What is expected:
Please write out each entry exactly as it appears.

Working data:
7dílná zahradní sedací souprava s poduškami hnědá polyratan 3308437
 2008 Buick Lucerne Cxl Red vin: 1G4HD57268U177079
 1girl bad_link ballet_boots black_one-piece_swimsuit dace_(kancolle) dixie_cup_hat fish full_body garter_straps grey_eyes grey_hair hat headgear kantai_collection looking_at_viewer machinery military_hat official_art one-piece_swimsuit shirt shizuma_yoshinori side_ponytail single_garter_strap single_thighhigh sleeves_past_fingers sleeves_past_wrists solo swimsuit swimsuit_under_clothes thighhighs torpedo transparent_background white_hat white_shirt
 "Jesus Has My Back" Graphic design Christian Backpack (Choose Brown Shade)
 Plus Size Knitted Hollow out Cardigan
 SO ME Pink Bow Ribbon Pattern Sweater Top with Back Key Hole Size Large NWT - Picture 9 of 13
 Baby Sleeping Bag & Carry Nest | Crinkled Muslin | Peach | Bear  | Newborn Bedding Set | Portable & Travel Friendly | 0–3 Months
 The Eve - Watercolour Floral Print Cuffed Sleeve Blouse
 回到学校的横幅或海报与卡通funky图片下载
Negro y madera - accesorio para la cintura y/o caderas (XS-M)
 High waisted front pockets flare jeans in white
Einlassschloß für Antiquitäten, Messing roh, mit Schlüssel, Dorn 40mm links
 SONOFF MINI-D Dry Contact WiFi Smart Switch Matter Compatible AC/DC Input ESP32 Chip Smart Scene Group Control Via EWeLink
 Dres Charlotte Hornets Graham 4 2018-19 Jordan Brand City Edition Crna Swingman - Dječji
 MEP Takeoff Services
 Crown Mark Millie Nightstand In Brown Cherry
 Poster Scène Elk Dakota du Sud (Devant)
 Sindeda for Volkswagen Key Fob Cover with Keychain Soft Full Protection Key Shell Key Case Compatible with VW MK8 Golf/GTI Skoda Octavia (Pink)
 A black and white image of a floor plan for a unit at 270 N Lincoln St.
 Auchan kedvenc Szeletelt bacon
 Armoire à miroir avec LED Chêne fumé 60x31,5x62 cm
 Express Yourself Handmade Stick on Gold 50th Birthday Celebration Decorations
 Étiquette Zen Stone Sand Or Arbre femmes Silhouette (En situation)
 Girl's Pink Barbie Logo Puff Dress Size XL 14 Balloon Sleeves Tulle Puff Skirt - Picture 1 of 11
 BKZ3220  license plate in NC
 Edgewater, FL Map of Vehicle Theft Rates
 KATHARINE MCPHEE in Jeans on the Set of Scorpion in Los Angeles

Task output:
7dílná zahradní sedací souprava s poduškami hnědá polyratan 3308437
 2008 Buick Lucerne Cxl Red vin: 1G4HD57268U177079
 1girl bad_link ballet_boots black_one-piece_swimsuit dace_(kancolle) dixie_cup_hat fish full_body garter_straps grey_eyes grey_hair hat headgear kantai_collection looking_at_viewer machinery military_hat official_art one-piece_swimsuit shirt shizuma_yoshinori side_ponytail single_garter_strap single_thighhigh sleeves_past_fingers sleeves_past_wrists solo swimsuit swimsuit_under_clothes thighhighs torpedo transparent_background white_hat white_shirt
 "Jesus Has My Back" Graphic design Christian Backpack (Choose Brown Shade)
 Plus Size Knitted Hollow out Cardigan
 SO ME Pink Bow Ribbon Pattern Sweater Top with Back Key Hole Size Large NWT - Picture 9 of 13
 Baby Sleeping Bag & Carry Nest | Crinkled Muslin | Peach | Bear  | Newborn Bedding Set | Portable & Travel Friendly | 0–3 Months
 The Eve - Watercolour Floral Print Cuffed Sleeve Blouse
 回到学校的横幅或海报与卡通funky图片下载
Negro y madera - accesorio para la cintura y/o caderas (XS-M)
 High waisted front pockets flare jeans in white
Einlassschloß für Antiquitäten, Messing roh, mit Schlüssel, Dorn 40mm links
 SONOFF MINI-D Dry Contact WiFi Smart Switch Matter Compatible AC/DC Input ESP32 Chip Smart Scene Group Control Via EWeLink
 Dres Charlotte Hornets Graham 4 2018-19 Jordan Brand City Edition Crna Swingman - Dječji
 MEP Takeoff Services
 Crown Mark Millie Nightstand In Brown Cherry
 Poster Scène Elk Dakota du Sud (Devant)
 Sindeda for Volkswagen Key Fob Cover with Keychain Soft Full Protection Key Shell Key Case Compatible with VW MK8 Golf/GTI Skoda Octavia (Pink)
 A black and white image of a floor plan for a unit at 270 N Lincoln St.
 Auchan kedvenc Szeletelt bacon
 Armoire à miroir avec LED Chêne fumé 60x31,5x62 cm
 Express Yourself Handmade Stick on Gold 50th Birthday Celebration Decorations
 Étiquette Zen Stone Sand Or Arbre femmes Silhouette (En situation)
 Girl's Pink Barbie Logo Puff Dress Size XL 14 Balloon Sleeves Tulle Puff Skirt - Picture 1 of 11
 BKZ3220  license plate in NC
 Edgewater, FL Map of Vehicle Theft Rates
 KATHARINE MCPHEE in Jeans on the Set of Scorpion in Los Angeles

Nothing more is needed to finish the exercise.